Dataset entries
▽

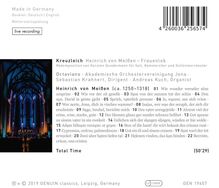 Heinrich von Meissen (genannt Frauenlob) (1250-1318): Kreuzleich (arr. für Soli, Kammerchor &amp; Orchester), CD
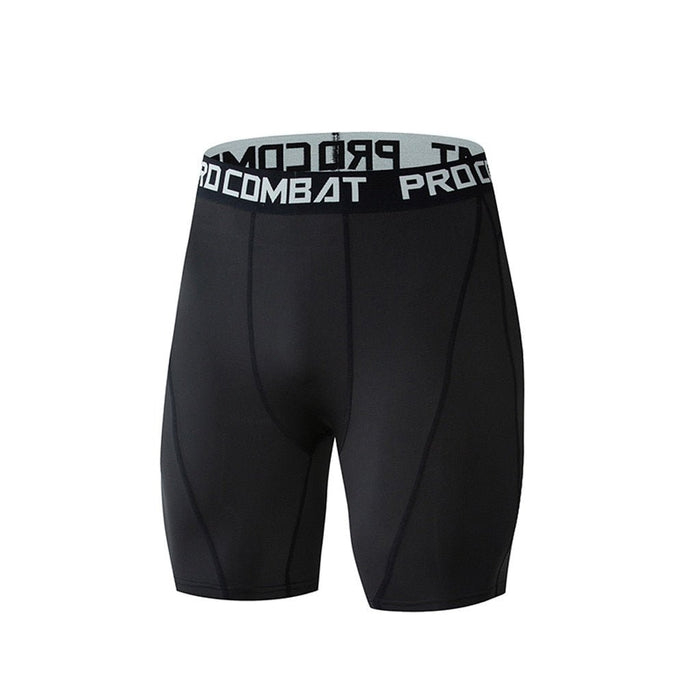 Basic Black Fight Shorts - Affordable Rashguards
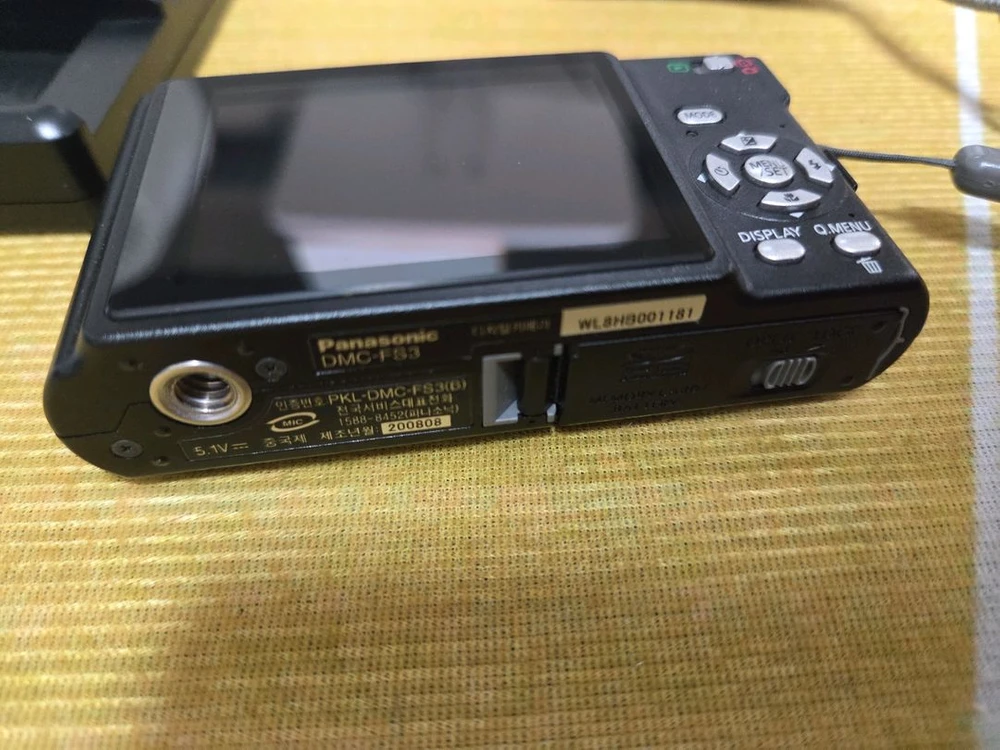 파나소닉 루믹스 DMC-FS3 디지털카메라 이미지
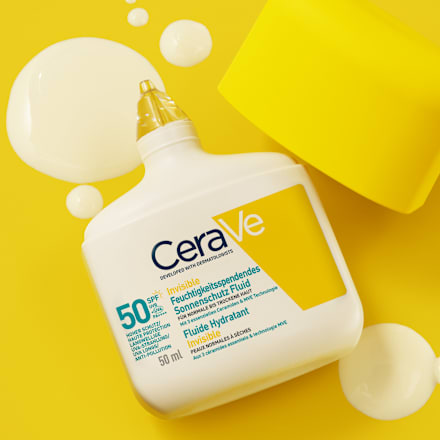 CERAVE Sonnenschutz Fluid Inv. Feuchtigkeit. LSF50 CeraVe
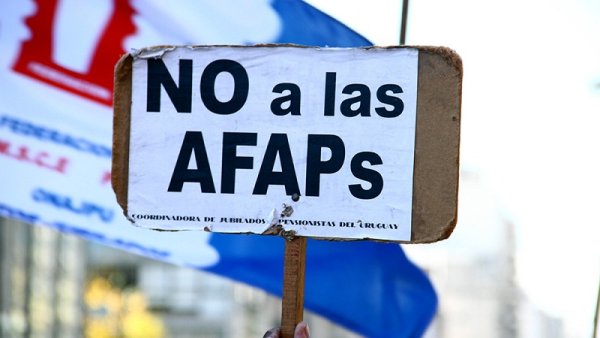 AFAP: Lucrar con los ahorros de las y los trabajadores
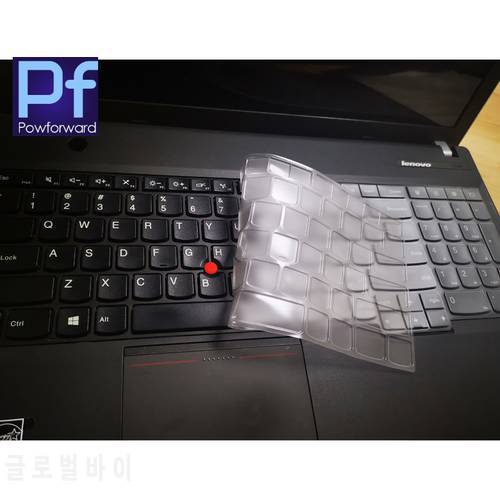 For Lenovo Thinkpad E531 W540 T540 T550 E555 E560 E570 S531 W541 E540 E545 T540p E550 E530c Keyboard Cover Skin 15.6 Inch Tpu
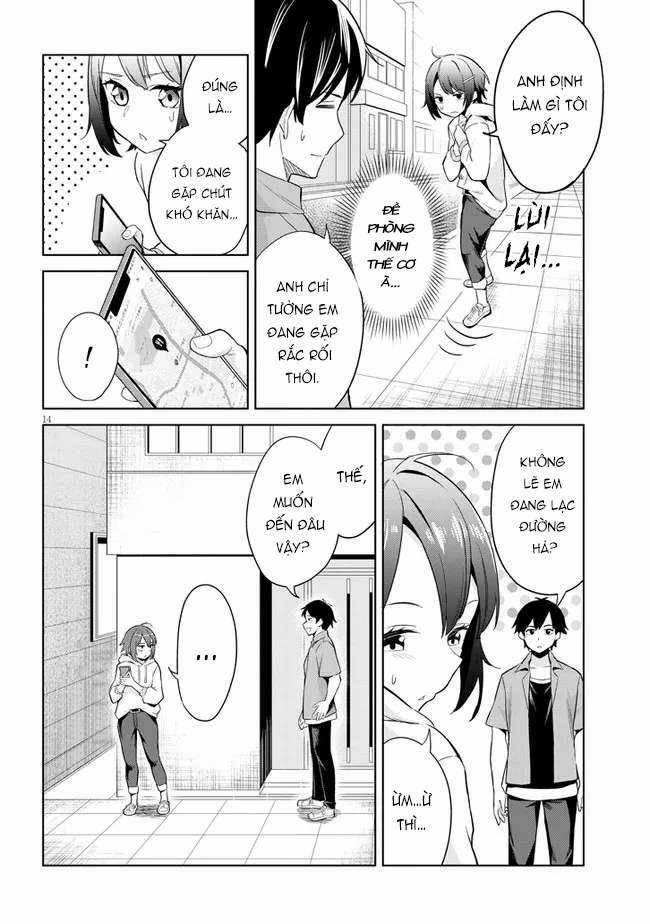 Cô Em Gái Nuôi Của Tôi Gần Đây Có Vẻ Thân Thiết Hơn Với Tôi Thì Phải Chapter 1 trang 12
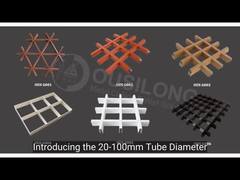 aluminum open cell ceiling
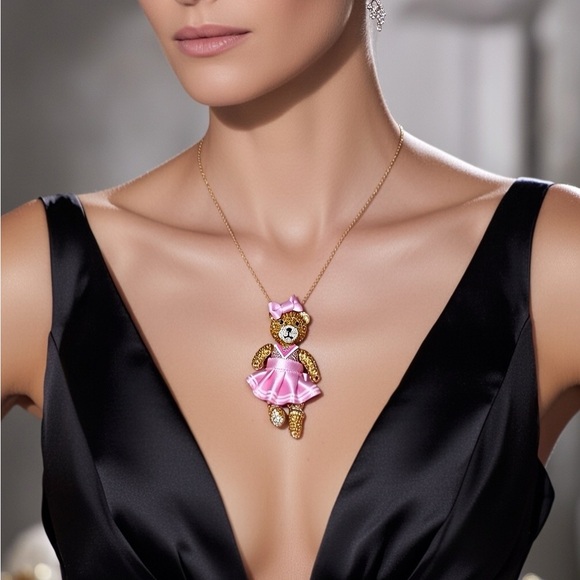 Betsy Johnson Necklace NWT - Picture 3 of 7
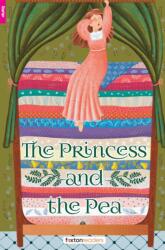 The Princess and the Pea - Foxton Reader Starter Level (300 Headwords A1) with free online AUDIO (ISBN: 9781839251436)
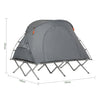 Sobuy | 4in1 stan | Polní postel | Kemp Lounger | Spací pytel | OGS60-L-HG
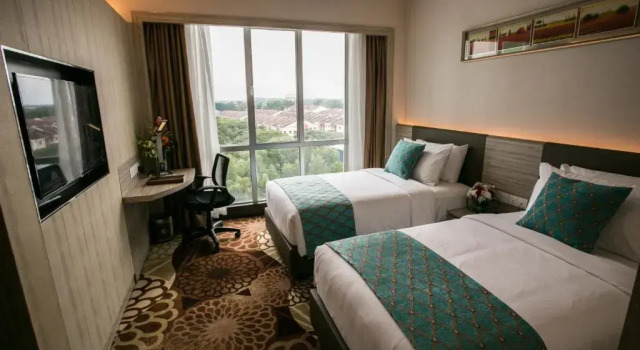 Номер Deluxe V8 Hotel Johor Bahru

△

_Work required_
From the line containing "Betsy Johnson Necklace NWT - Picture 3 of 7" to the final line of the entries, both included, transcribe every line exactly, omit the pictures, and add nothing more.

_Exercise solution_
 Betsy Johnson Necklace NWT - Picture 3 of 7
 The Princess and the Pea - Foxton Reader Starter Level (300 Headwords A1) with free online AUDIO (ISBN: 9781839251436)
 Sobuy | 4in1 stan | Polní postel | Kemp Lounger | Spací pytel | OGS60-L-HG
 Номер Deluxe V8 Hotel Johor Bahru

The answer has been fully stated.